Another prominent example is full-spectrum CBD oil tinctures that have been rapidly growing in popularity over the past several years. These tinctures are made from hemp—a cannabis variety characterized by low THC levels and high CBD levels.
Products With Isolated CBD or THC
Cannabis preparations that contain only THC or CBD are called isolates. These formulations lack all of the other cannabinoids and terpenes found in full-spectrum extracts. Both THC and CBD isolates are widely used in prescription drugs made by pharmaceutical companies.

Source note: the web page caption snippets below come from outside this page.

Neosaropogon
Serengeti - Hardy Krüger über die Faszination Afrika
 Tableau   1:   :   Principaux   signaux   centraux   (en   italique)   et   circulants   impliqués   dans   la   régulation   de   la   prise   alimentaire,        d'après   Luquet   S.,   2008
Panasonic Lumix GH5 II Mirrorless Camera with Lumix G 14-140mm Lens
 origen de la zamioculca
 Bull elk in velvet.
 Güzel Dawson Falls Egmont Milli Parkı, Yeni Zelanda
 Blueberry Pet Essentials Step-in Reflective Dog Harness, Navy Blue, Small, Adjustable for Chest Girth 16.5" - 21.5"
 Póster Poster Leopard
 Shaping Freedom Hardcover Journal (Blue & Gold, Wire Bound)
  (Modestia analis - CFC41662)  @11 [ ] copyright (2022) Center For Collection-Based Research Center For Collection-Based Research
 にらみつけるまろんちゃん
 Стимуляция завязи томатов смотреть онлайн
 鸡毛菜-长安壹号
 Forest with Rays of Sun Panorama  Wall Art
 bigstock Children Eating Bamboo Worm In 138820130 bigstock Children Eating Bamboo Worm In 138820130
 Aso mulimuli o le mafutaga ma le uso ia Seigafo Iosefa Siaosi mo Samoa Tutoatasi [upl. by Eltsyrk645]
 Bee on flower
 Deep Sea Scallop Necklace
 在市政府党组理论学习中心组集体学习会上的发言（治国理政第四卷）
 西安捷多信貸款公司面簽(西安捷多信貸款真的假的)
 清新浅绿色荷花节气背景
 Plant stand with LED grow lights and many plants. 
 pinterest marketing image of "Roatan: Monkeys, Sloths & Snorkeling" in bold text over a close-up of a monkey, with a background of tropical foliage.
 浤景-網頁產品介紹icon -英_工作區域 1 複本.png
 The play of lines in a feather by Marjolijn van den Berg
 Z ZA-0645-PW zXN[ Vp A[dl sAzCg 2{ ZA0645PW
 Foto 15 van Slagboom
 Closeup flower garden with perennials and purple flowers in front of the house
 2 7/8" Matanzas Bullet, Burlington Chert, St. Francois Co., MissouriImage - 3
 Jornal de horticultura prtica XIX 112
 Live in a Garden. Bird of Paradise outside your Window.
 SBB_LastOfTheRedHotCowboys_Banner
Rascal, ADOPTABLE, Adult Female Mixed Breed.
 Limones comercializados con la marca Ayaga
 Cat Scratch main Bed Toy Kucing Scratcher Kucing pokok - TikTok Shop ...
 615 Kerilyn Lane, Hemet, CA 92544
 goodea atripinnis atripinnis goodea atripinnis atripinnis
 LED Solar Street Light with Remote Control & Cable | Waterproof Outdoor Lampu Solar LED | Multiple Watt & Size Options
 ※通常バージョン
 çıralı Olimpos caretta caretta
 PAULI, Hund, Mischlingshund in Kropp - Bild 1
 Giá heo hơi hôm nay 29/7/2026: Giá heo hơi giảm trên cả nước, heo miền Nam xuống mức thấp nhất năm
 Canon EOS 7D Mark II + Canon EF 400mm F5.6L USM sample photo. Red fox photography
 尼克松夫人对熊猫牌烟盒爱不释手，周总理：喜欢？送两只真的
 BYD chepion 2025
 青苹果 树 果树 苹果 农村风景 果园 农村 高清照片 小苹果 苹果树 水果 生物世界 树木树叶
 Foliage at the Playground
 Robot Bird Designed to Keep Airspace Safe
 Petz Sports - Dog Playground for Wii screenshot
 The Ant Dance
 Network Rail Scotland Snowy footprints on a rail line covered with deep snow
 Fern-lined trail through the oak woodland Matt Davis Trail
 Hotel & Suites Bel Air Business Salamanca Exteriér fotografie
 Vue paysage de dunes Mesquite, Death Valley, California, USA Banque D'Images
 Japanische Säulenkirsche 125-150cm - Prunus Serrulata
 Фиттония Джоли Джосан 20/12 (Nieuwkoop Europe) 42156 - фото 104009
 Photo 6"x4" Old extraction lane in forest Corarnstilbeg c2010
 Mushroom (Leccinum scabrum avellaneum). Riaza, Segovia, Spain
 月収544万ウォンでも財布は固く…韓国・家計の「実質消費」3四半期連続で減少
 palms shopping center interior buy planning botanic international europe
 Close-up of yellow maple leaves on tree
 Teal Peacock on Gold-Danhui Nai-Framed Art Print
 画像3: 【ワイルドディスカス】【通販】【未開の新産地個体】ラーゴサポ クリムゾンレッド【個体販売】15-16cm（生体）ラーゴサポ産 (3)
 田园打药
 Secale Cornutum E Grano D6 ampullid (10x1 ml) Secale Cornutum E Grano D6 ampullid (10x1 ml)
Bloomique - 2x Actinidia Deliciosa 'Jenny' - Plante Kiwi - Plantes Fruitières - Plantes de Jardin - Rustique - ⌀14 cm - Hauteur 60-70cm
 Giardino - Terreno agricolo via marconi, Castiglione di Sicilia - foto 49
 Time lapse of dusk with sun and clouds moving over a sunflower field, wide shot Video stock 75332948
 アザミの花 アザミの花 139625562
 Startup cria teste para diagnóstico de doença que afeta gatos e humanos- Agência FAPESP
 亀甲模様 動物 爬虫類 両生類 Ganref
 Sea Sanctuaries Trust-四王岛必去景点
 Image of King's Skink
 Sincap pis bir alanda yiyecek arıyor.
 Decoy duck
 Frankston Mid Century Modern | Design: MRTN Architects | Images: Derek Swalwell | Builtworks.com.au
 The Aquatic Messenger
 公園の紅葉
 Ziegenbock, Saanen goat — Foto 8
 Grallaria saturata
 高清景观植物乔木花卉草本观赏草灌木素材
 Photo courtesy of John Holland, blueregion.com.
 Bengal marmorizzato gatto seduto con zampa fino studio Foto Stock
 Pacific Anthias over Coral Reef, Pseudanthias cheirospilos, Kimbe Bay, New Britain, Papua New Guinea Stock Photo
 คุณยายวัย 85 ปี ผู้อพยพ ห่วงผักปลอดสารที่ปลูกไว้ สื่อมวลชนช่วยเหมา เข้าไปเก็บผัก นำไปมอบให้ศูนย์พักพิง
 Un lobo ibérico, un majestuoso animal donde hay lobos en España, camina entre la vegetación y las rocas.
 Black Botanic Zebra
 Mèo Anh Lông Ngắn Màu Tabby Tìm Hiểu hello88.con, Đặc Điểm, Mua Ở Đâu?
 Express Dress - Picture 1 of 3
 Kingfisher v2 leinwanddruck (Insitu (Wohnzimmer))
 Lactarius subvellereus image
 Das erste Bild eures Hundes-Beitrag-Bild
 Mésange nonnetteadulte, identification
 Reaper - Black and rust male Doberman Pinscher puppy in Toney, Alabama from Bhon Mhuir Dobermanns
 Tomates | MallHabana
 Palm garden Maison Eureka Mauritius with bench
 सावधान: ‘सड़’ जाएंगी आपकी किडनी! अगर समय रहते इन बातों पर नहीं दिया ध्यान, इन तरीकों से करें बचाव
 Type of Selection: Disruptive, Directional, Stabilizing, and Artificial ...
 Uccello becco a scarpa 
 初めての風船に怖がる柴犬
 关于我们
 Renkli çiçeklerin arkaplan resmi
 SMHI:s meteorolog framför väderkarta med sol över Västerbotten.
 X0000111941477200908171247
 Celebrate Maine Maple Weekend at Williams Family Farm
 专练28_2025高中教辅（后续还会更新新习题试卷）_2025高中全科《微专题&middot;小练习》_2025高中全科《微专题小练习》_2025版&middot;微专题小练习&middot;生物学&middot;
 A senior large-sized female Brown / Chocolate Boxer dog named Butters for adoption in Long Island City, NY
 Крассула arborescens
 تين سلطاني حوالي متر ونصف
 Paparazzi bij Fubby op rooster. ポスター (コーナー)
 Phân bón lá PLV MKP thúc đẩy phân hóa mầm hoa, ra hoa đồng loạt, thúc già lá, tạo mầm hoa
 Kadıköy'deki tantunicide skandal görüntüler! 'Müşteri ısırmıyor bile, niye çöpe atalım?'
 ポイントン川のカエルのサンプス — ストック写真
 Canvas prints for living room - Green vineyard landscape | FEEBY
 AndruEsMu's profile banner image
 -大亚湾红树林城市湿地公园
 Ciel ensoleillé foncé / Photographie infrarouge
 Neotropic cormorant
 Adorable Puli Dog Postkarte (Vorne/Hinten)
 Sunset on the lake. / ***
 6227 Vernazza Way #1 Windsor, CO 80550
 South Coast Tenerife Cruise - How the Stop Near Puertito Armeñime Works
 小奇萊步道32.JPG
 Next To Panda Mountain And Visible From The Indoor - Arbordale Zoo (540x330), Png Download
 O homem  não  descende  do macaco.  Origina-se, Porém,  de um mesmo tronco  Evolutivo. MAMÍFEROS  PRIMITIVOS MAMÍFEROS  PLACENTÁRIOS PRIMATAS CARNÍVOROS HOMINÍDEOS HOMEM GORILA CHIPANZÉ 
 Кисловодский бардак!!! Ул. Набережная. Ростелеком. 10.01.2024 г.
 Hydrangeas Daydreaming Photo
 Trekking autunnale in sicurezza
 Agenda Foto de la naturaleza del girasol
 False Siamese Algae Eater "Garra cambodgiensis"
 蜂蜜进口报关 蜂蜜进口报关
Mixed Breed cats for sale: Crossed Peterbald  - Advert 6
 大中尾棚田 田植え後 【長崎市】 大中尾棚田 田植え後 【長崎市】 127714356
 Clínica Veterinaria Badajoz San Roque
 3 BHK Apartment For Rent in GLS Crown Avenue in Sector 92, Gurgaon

For example, the synthetic, pharmaceutical version of THC called Marinol is used to help with specific issues such as nausea caused by chemotherapy. Similarly, the British company GW Pharmaceuticals offers Epidiolex, a CBD-isolate drug used for the treatment of Lennox-Gastaut syndrome and Dravet syndrome — two specific types of epilepsy.
These preparations certainly have their uses, especially for treating specific conditions. On the whole, however, research suggests they are not as effective as full-spectrum cannabis formulations, which have fewer side effects and require smaller doses.
How to Find Full-Spectrum Cannabis Products
It’s clear that whole-plant, full-spectrum cannabis preparations are more effective than isolated CBD or THC. But how do you make sure the product you’re thinking about buying contains full-spectrum extract?
The first clue of whether you’re buying a product containing isolate or full-spectrum extract is the label. For example, most CBD oils made with full-spectrum extract will be labeled as such. On the other hand, a CBD oil made with CBD isolate will typically list “pure CBD” or “CBD isolate” somewhere on the label or description.
Having said that, cannabis product labels can be misleading. The sure-fire way to verify that you’re buying a whole-plant formulation is third-party testing.
Without a doubt, the best way to ensure you’re buying a high-quality, full-spectrum cannabis product is third-party lab test results.
Done by an independent laboratory, these tests list the cannabinoids present in the product. The results of these tests should be publically available on the product page or elsewhere on the brand’s website. A full-spectrum cannabis formulation will show multiple cannabinoids instead of only CBD or THC.
Third-party tests are common for CBD oils and similar products because the CBD industry is largely unregulated, so there isn’t much stopping companies from selling preparations that don’t contain what they claim.
Nature Knows Best
For thousands of years, humans have used cannabis and other medicinal herbs in their whole-plant form. Now, thanks to modern scientific research, we have proof that this historical practice is superior to using isolated compounds because of the entourage effect.
While this hasn’t stopped some companies from manufacturing products made with isolated CBD or THC, full-spectrum formulations containing the complete range of beneficial compounds present in cannabis are more effective, requiring smaller doses and having fewer side effects.
If you want to get the most health benefits out of your cannabis products — whether it’s CBD oil, a smoked cannabis strain, or anything else — full-spectrum preparations are the way to go.